- TASK GOAL:
Leaving out all pictures, return exactly the lines from the one that contains "عنوان بغداد" through the end of the data below.
○ ○ ○ ○ ○
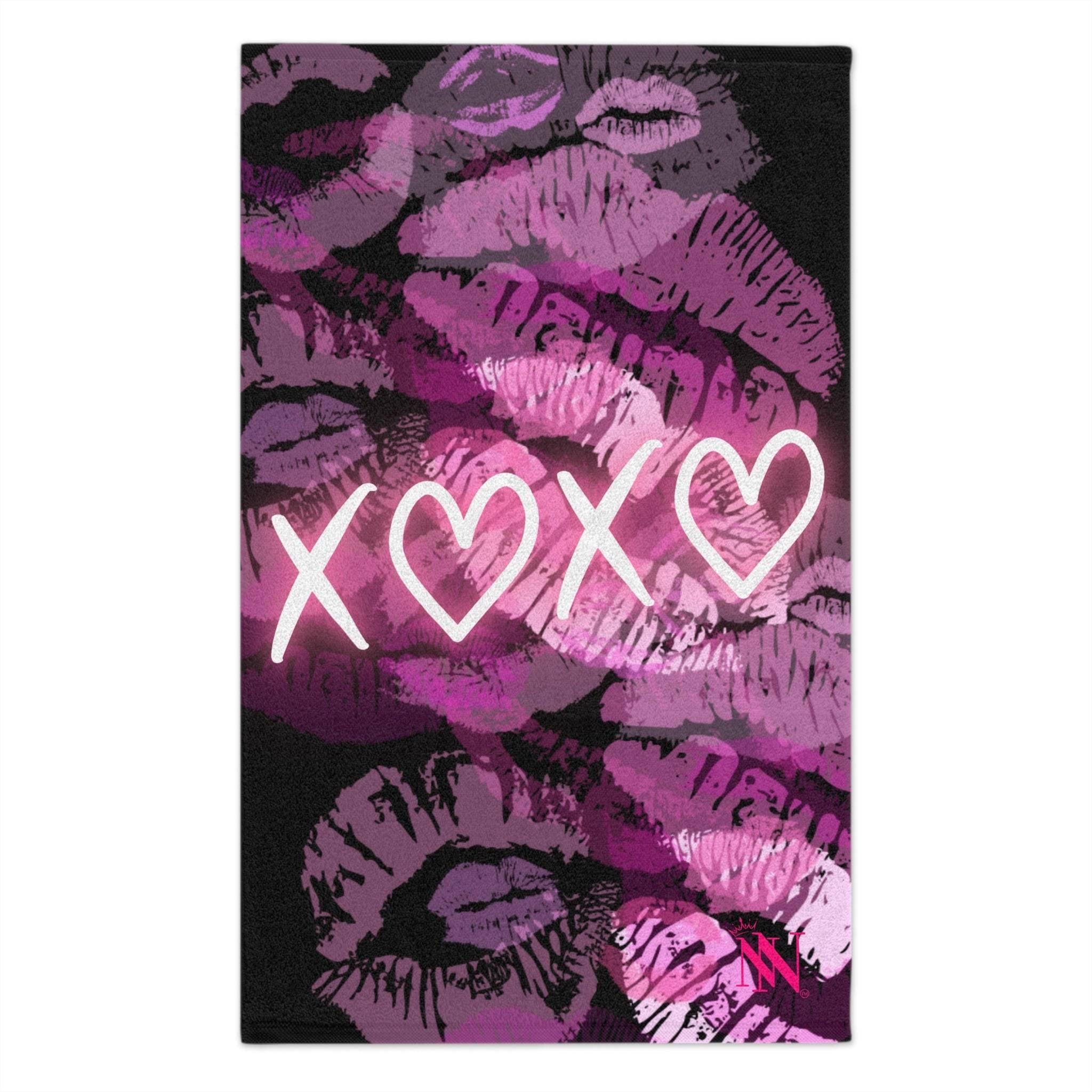 Piled High | Mix & Match Soft Fun-Flirty Lovers’ Towels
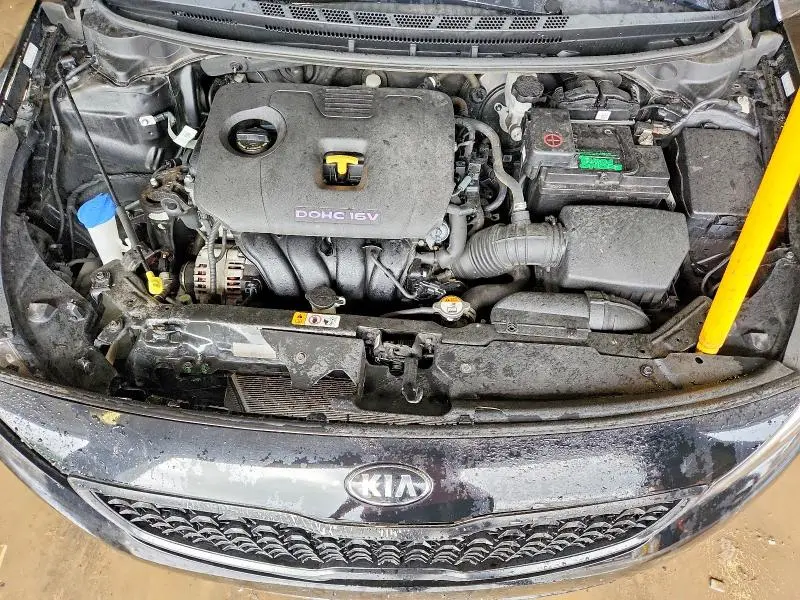2017 KIA FORTE LX  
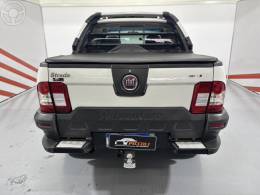 FIAT - STRADA 1.8 MPI ADVENTURE LOCKER CD 16V FLEX 2P MANUAL - 2011/2011 - BRANCA - R$ 53.900,00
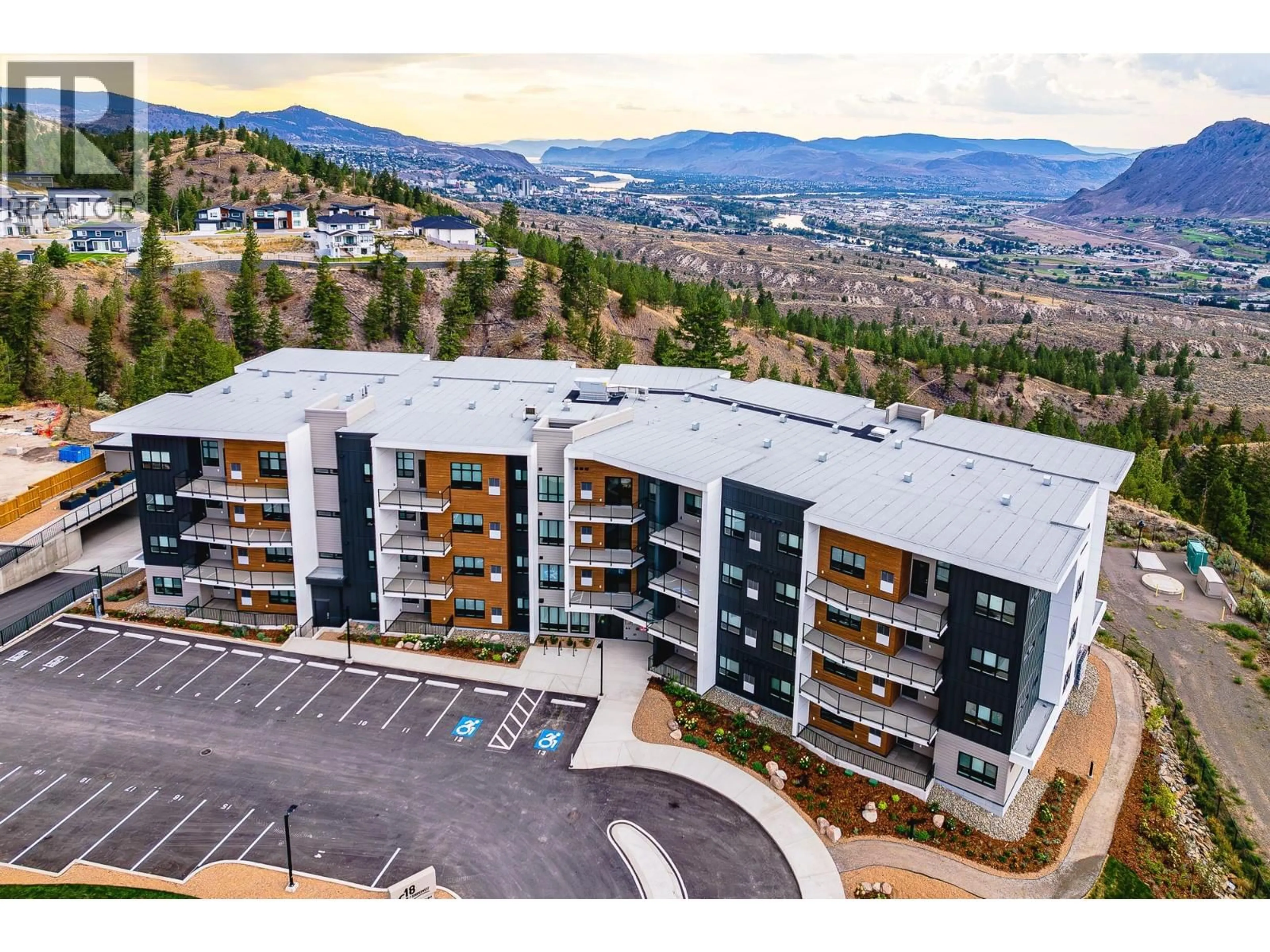 A pic from outside/outdoor area/front of a property/back of a property/a pic from drone, mountain view for 203 - 1844 QU'APPELLE BOULEVARD, Kamloops British Columbia V2E0E8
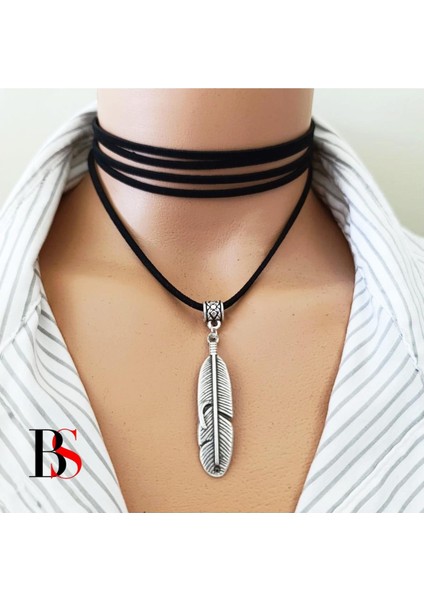 Siyah Süet - Tüy Kolye Ucu Kadın Choker Kolye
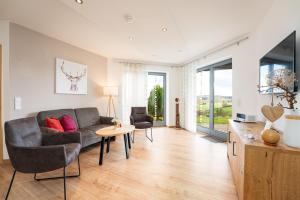 a living room with a couch and a table at Am Pön - Ferienwohnungen in Medebach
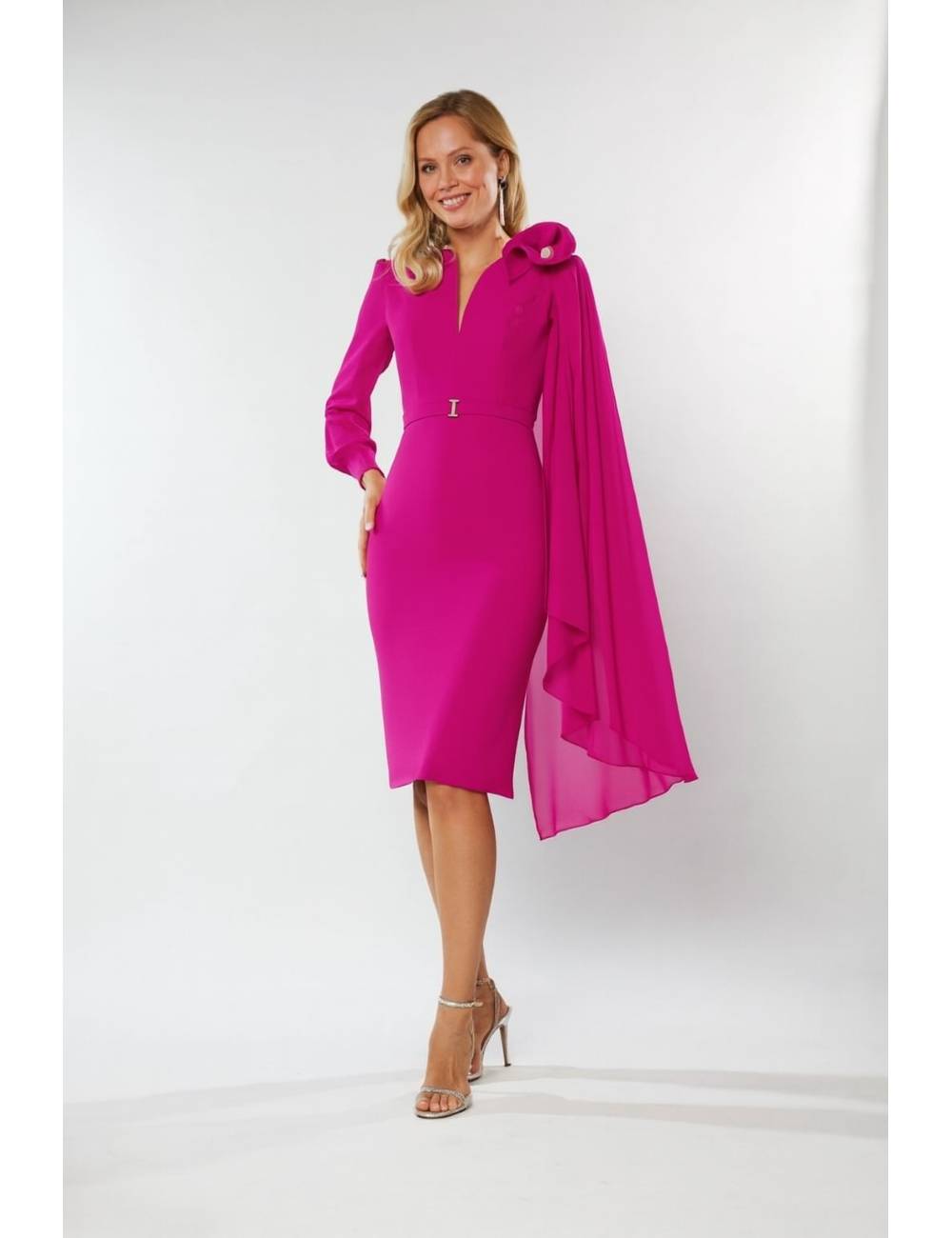 Vestido midi corte recto de escote profundo con bordado y pedrería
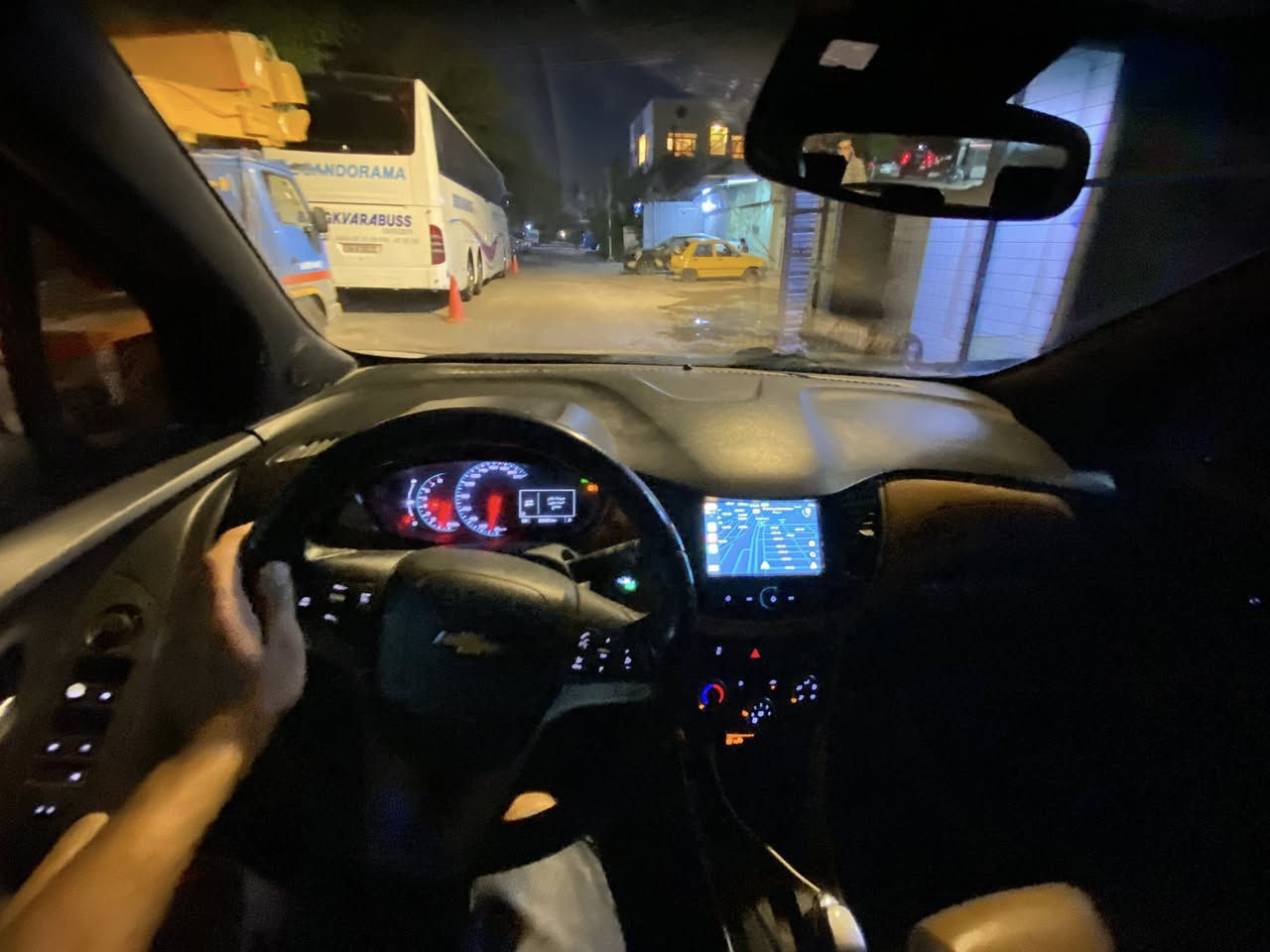 السلام عليكم  
شوفر تراكس 2018 فول مواصفات LTZ 
اعلى فئة بسيارات 
تحكم ستيرن 
بصمة 
بانور راما 
داخل جديد كلش 
سيارة نضيفة 
فقط بيها براد دهن  لان خابطة 
بس سيارة شغالة كلشي مابيها 
ابيع ادوات ادوات  مكصوصة 
وًمراوس عادي 
عنوان بغداد 
***********
رقم اربيل
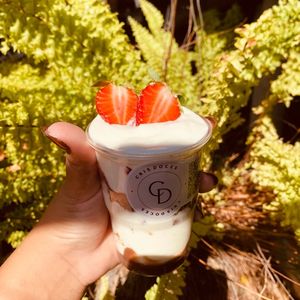 imagem do produto copo morango com creme de ninho 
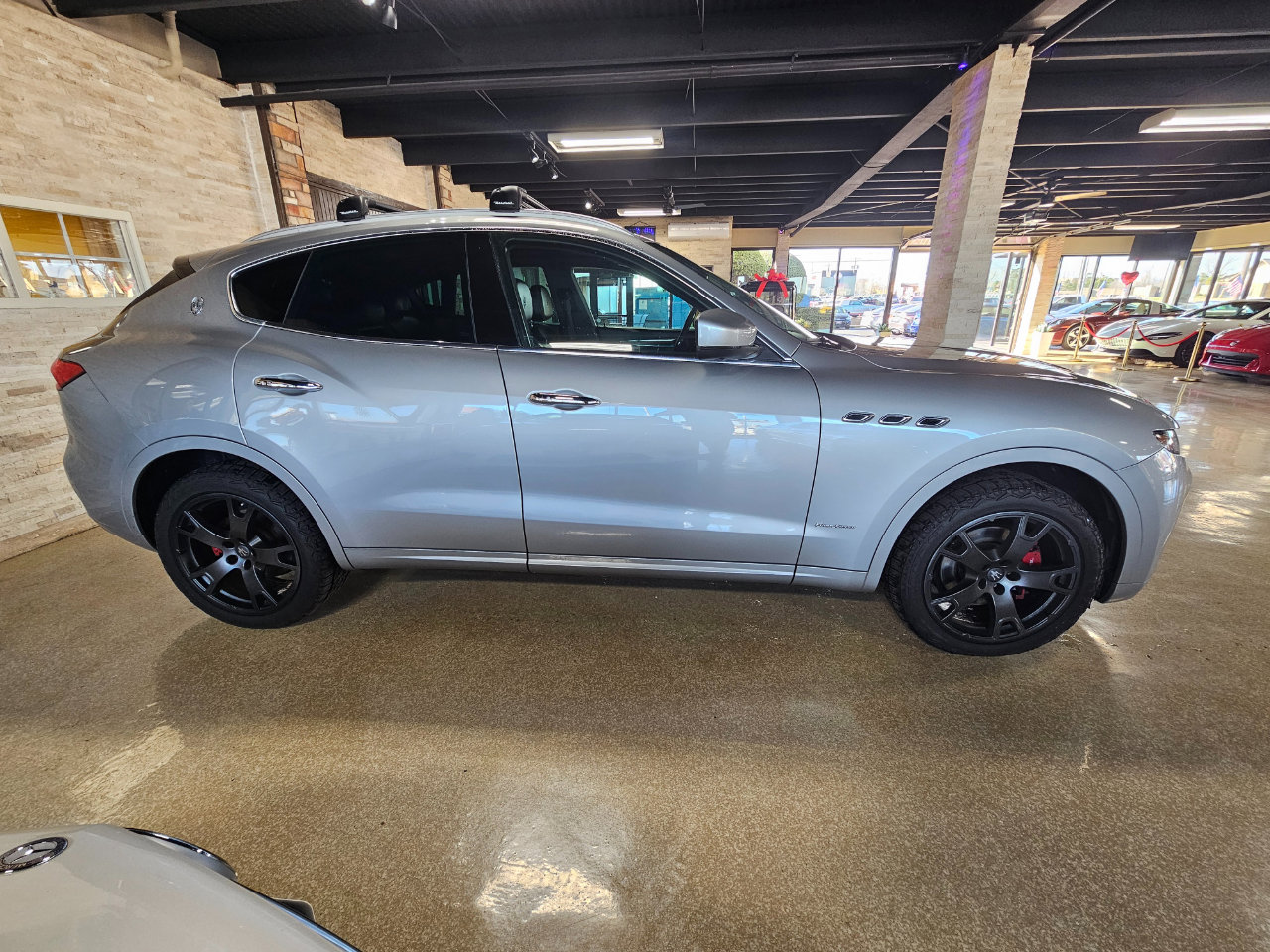 Used 2018 Maserati Levante GranLusso image 8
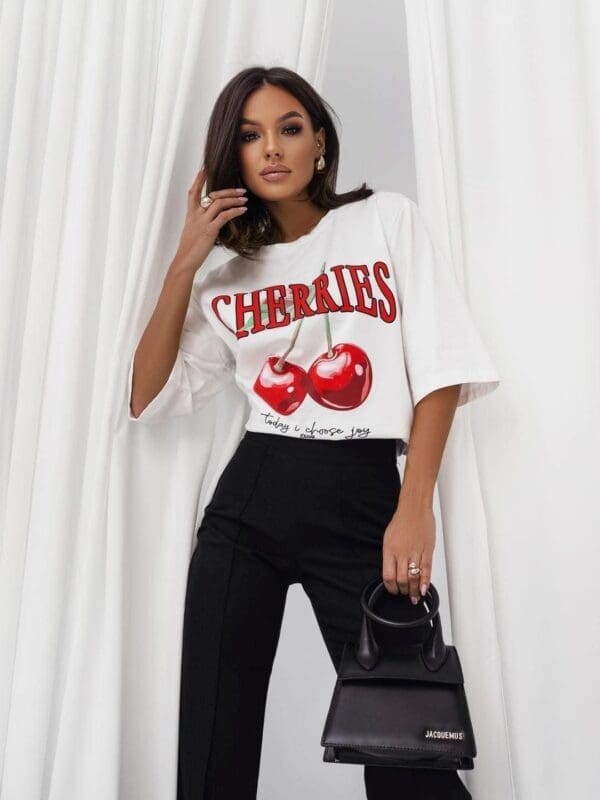 Marškinėliai iliustruoti vyšniomis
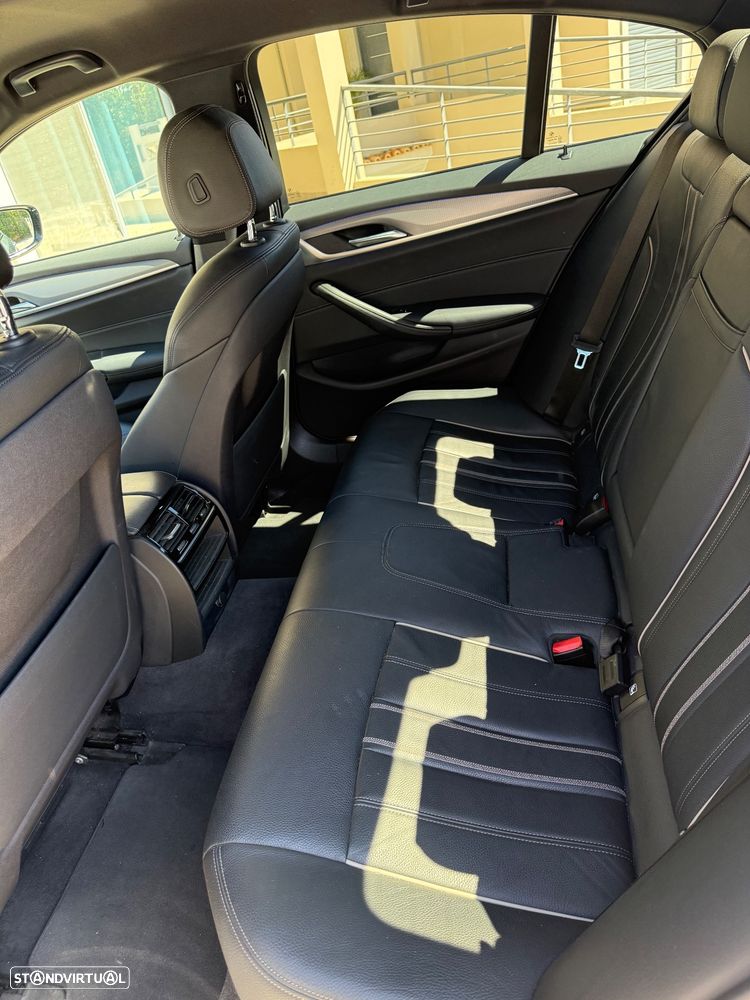 BMW 530 e iPerformance Pack M - 12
○ ○ ○ ○ ○
- SOLUTION FOR THIS PROBLEM:
عنوان بغداد 
***********
رقم اربيل
 imagem do produto copo morango com creme de ninho 
 Used 2018 Maserati Levante GranLusso image 8
 Marškinėliai iliustruoti vyšniomis
 BMW 530 e iPerformance Pack M - 12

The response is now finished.